Why does parallel stream with lambda in static initializer cause a deadlock?
Asked Answered
S

3

93

I came across a strange situation where using a parallel stream with a lambda in a static initializer takes seemingly forever with no CPU utilization. Here's the code:

class Deadlock {
    static {
        IntStream.range(0, 10000).parallel().map(i -> i).count();
        System.out.println("done");
    }
    public static void main(final String[] args) {}
}

This appears to be a minimum reproducing test case for this behavior. If I:

  • put the block in the main method instead of a static initializer,
  • remove parallelization, or
  • remove the lambda,

the code instantly completes. Can anyone explain this behavior? Is it a bug or is this intended?

I am using OpenJDK version 1.8.0_66-internal.

Siward answered 15/1, 2016 at 21:22 Comment(11)
Reproducable with Oracle 1.8.0_66.Danish
With range (0, 1) the program terminates normally. With (0, 2) or higher hangs.Illjudged
similar question: #34223169Shew
Actually it is exactly the same question/issue, just with a different API.Edgeworth
You are trying to use a class, in a background thread, when you haven't finished initialising the class so it can't be used in a background thread.Monomer
@PeterLawrey Put that way it sounds obvious, but it isn't at all obvious that the lambda needs to use the outer class.Siward
@Solomonoff'sSecret as i -> i is not a method reference it is a static method implemented in the Deadlock class. If replace i -> i with Function.identity() this code should be fine.Monomer
@PeterLawrey i -> i becomes an implementation of a functional interface that behaves as a real object. Doesn't that mean it needs to be invoked polymorphically and if so, how can it simply be a static method? Doesn't it at least need to have a method that implements the method of the functional interface which in the current implementation delegates to the static method? Or is there some magic happening behind the scenes?Siward
@Solomonoff'sSecret There is a class generated at runtime with one method which calls the static method in the class you have defined.Monomer
Related to Are Java static initializers thread safe?;Believe
I can't understan why sometimes it hangs but sometimes not. I always run app with the same arguments.Pullulate
M
74

I found a bug report of a very similar case (JDK-8143380) which was closed as "Not an Issue" by Stuart Marks:

This is a class initialization deadlock. The test program's main thread executes the class static initializer, which sets the initialization in-progress flag for the class; this flag remains set until the static initializer completes. The static initializer executes a parallel stream, which causes lambda expressions to be evaluated in other threads. Those threads block waiting for the class to complete initialization. However, the main thread is blocked waiting for the parallel tasks to complete, resulting in deadlock.

The test program should be changed to move the parallel stream logic outside of the class static initializer. Closing as Not an Issue.


I was able to find another bug report of that (JDK-8136753), also closed as "Not an Issue" by Stuart Marks:

This is a deadlock that is occurring because the Fruit enum's static initializer is interacting badly with class initialization.
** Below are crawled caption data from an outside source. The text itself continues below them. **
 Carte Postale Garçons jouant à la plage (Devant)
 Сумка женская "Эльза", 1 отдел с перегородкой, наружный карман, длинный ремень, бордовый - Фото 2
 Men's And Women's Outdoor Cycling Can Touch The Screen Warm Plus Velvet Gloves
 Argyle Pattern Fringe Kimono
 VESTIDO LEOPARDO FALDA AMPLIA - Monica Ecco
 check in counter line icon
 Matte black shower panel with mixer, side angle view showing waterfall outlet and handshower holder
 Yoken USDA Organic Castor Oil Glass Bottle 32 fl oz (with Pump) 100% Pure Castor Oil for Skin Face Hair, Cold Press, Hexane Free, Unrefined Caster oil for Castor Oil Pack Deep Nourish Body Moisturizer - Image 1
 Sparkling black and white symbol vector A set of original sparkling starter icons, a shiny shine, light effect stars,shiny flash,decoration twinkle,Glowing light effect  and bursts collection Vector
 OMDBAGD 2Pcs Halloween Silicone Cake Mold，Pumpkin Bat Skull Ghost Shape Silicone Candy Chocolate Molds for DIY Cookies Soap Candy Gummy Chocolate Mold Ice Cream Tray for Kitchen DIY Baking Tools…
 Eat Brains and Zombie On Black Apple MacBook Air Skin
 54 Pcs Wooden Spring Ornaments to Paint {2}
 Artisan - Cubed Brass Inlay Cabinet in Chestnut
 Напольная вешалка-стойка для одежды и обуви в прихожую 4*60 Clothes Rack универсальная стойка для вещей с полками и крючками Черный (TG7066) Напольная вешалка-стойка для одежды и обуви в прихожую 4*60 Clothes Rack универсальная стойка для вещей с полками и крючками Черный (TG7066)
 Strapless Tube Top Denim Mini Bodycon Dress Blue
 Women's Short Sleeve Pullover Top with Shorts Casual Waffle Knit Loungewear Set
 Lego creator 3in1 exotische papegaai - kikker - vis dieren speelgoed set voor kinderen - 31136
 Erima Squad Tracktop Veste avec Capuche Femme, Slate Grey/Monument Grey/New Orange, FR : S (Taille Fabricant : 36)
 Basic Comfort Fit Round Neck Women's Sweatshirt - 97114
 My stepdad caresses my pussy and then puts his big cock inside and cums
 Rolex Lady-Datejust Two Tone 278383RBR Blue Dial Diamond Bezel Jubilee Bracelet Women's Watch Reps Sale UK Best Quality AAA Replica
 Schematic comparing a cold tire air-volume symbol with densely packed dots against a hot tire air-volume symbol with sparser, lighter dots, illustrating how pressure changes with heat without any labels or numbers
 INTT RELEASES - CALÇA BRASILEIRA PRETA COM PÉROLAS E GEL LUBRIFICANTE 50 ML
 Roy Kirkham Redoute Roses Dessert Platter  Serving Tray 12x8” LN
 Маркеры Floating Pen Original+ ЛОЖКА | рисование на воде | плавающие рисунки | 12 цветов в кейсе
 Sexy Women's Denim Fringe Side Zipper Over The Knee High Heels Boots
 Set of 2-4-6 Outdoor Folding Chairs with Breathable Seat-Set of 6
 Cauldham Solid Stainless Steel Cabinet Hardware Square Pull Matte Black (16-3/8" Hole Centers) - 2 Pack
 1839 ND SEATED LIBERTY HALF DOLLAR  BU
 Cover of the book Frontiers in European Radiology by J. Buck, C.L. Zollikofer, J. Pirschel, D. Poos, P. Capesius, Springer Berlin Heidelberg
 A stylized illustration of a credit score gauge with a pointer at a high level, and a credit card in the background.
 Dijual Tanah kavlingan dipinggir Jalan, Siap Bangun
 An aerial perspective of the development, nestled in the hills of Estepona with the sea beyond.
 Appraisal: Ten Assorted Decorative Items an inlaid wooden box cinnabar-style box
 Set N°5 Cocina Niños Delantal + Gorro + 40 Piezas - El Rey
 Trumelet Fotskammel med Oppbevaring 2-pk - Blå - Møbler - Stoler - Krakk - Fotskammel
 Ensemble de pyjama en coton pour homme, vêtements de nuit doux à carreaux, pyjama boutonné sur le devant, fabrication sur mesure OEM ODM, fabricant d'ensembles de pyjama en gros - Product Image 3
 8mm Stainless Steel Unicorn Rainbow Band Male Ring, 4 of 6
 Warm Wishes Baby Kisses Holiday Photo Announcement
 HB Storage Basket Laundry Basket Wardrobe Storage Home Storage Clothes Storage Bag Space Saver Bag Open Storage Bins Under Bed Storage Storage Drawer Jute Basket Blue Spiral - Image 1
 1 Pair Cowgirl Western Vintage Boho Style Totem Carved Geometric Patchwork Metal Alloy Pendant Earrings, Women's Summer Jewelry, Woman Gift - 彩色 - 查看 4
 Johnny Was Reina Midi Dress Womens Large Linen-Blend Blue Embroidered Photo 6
See the Java Language Specification, section 12.4.2 for details on class initialization.

http://docs.oracle.com/javase/specs/jls/se8/html/jls-12.html#jls-12.4.2

Briefly, what's happening is as follows.

  1. The main thread references the Fruit class and starts the initialization process. This sets the initialization in-progress flag and runs the static initializer on the main thread.
  2. The static initializer runs some code in another thread and waits for it to finish. This example uses parallel streams, but this has nothing to do with streams per se. Executing code in another thread by any means, and waiting for that code to finish, will have the same effect.
  3. The code in the other thread references the Fruit class, which checks the initialization in-progress flag. This causes the other thread to block until the flag is cleared. (See step 2 of JLS 12.4.2.)
  4. The main thread is blocked waiting for the other thread to terminate, so the static initializer never completes. Since the initialization in-progress flag isn't cleared until after the static initializer completes, the threads are deadlocked.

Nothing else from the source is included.